As far as I'm concerned, the IDE is a part of the language and at the very least the programming experience. People programming in emacs and VIM will eventually retire, the future is undeniable at this point. A language designed for an IDE will work better in an IDE than a language that is designed for least common dominator development environments. But then I'm biased since that is part of my research.
And also, Dart is so far very weak on the IDE side. I wonder if the Dart team has lots of compiler people and not a lot of IDE people, or if they have the same old-fashioned mindset as you in de-emphasizing the value of a good IDE experience. But I would expect it to get better, they hired Luke Church after all.
> It's so totally usable that MS invented a new completely different language written for creating command-line scripts (PowerShell).
PowerShell is an optional tool, not required. I've seen huge C# projects build from a CMD prompt (not that I want to bother with build configuration management myself).
> Citation needed, it's not as performant as the JVM
Citation needed, in my experience, C# kicks the JVM's butt in Win performance. Reified generics also reduce lots of boxing issues.
> The Sudoku benchmarks shows that it's slower (and more verbose) than Dart
Your numbers are completely whack. First, it shows mono being faster than the CLR, oh and you are using a virtual machine on top of that. Do you really think people will take that seriously? Also, do you ever try..you know..a multi-threaded shared memory solution?

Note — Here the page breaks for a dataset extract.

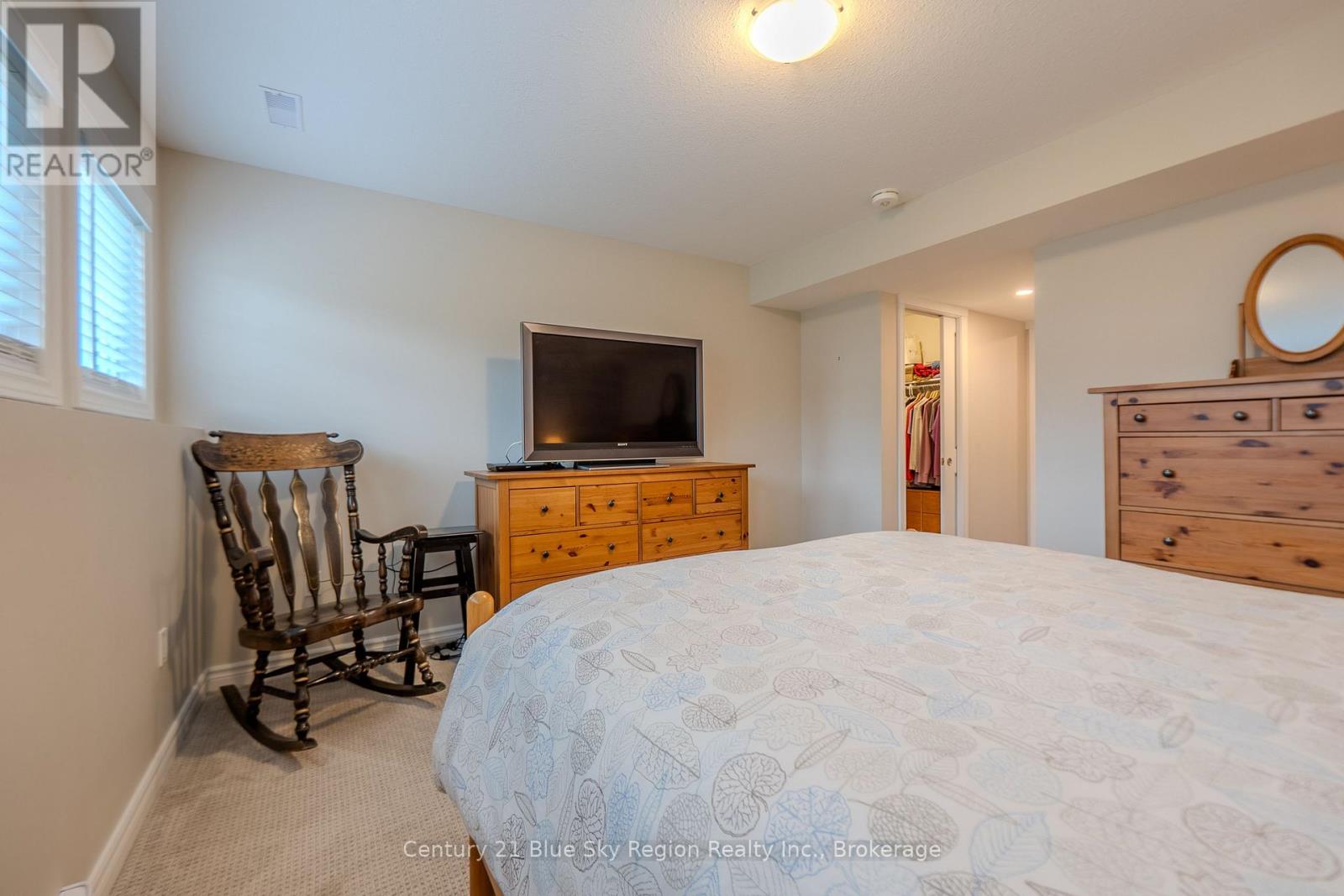 8 Willfred Drive, North Bay, Ontario  P1A 0G5 - Photo 24 - X13046960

> The DLR team has actually been disbanded with the primary developer behind it (Jim Hugunin / IronPython) having left Microsoft (http://hugunin.net/microsoft_farewell.html) to now work at Google on the Dart project no less.
Jim and Jon are gone, but the work they did is totally still around and works wonderfully. I use it, its fast, and it puts C# on par or beyond with any dynamic language that supports dynamic eval.
> Dynamic itself is a heavyweight solution and may many suggest may have been a mistake, C# 6.0 is actually introducing new '$' syntax to avoid dynamic and make working with dictionaries better.
I'm not talking about C#'s dynamic language feature, which I don't really care for, but dynamic expression tree compilation that came along with the rest of the DLR. As a language implementer, it is very useful.